The Basics of Caching — strategies that actually move the needle

August 30th, 20251 min read#dev #performance #caching #backend #ca-duh

A fast primer on in-memory, distributed, and CDN caching—what they are, when to use each, and how they boost latency, throughput, and cost efficiency.

TL;DR

Put CDN/edge in front of anything public. It offloads traffic and slashes tail latency.
Use distributed cache (Redis/Memcached) for data shared across instances.
Add in-memory (per-process) caches for ultra-hot, tiny objects and computed results.
Start with cache-aside + TTL, then add request coalescing and stale-while-revalidate to tame stampedes.

Why cache at all?

Caching trades freshness for speed & scale.
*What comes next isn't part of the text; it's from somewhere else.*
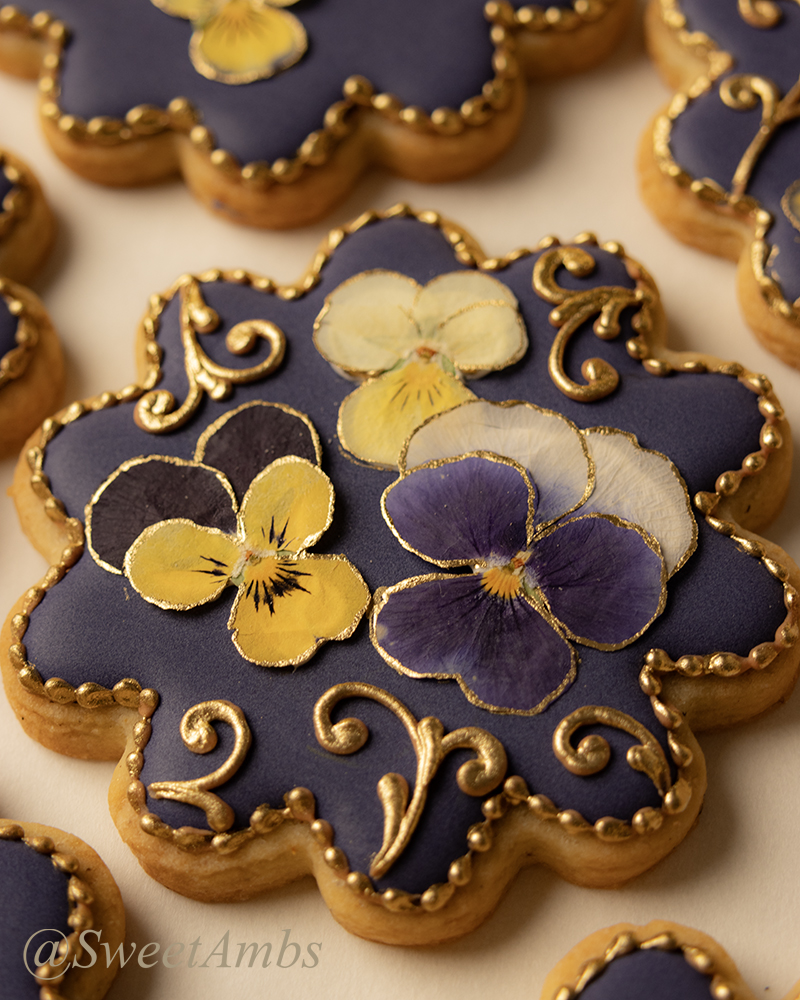 Round scalloped edge cookies decorated with a deep purple icing base layer, dried pressed violas, and gold filigree.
Lower latency: serve from memory/edge (micro- to milliseconds).
Higher throughput: fewer DB and origin hits.
Resilience: withstand traffic spikes and partial outages.
Lower cost: less egress, fewer DB reads, smaller fleets.

The layers (mental map)

Browser cache: honors Cache-Control, ETag, Last-Modified.
CDN/Edge (reverse proxy): Cloudflare/Fastly/Akamai; caches full responses at POPs.
App-side caches:
- In-memory (process-local): fastest, not shared across instances.
- Distributed (Redis/Memcached): shared, network hop required.
DB/query cache: results/materialized views; often downstream of app caches.

Core strategies

1) In-memory (process-local)

Use for: super-hot config, small computed results, feature flags, rate-limited calls.
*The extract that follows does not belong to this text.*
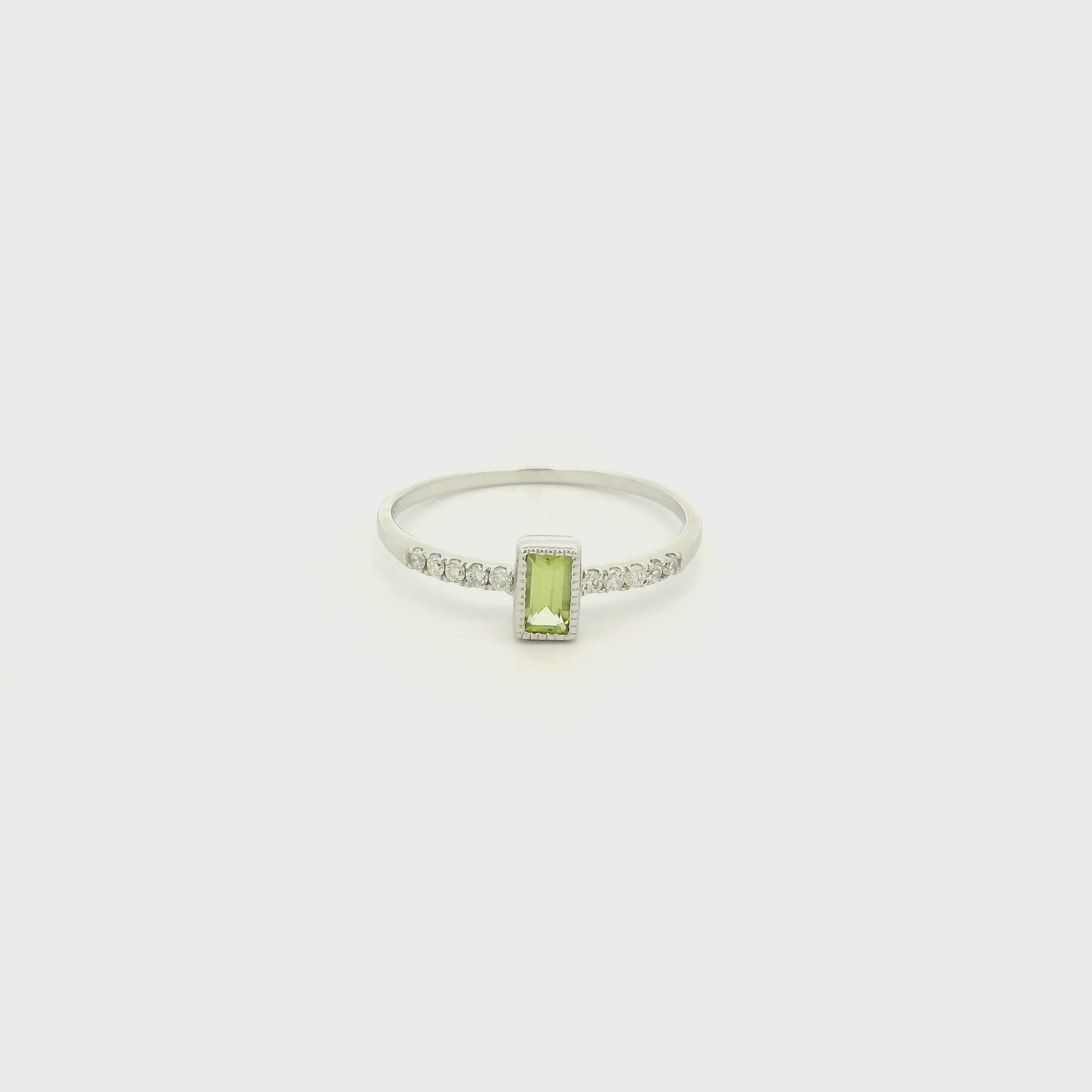 A White Gold Ring with a milgrain bezel set baguette cut natural Peridot in the center with diamonds down the shank at Forever Rox Fine Jewelry, Lake Tahoes Best Jewelry Store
Pros: nanosecond lookup, zero network.
Cons: not shared; stale until process restarts; risk of duplication across instances.

Example (LRU + TTL, Node/TS):

import LRU from "lru-cache";

const cache = new LRU<string, any>({ max: 5_000, ttl: 60_000 }); // 1 min

export async function getUserFast(id: string) {
  const key = `user:${id}`;
  let val = cache.get(key);
  if (val) return val;

  // cache-aside
  val = await db.users.findById(id);
  cache.set(key, val);
  return val;
}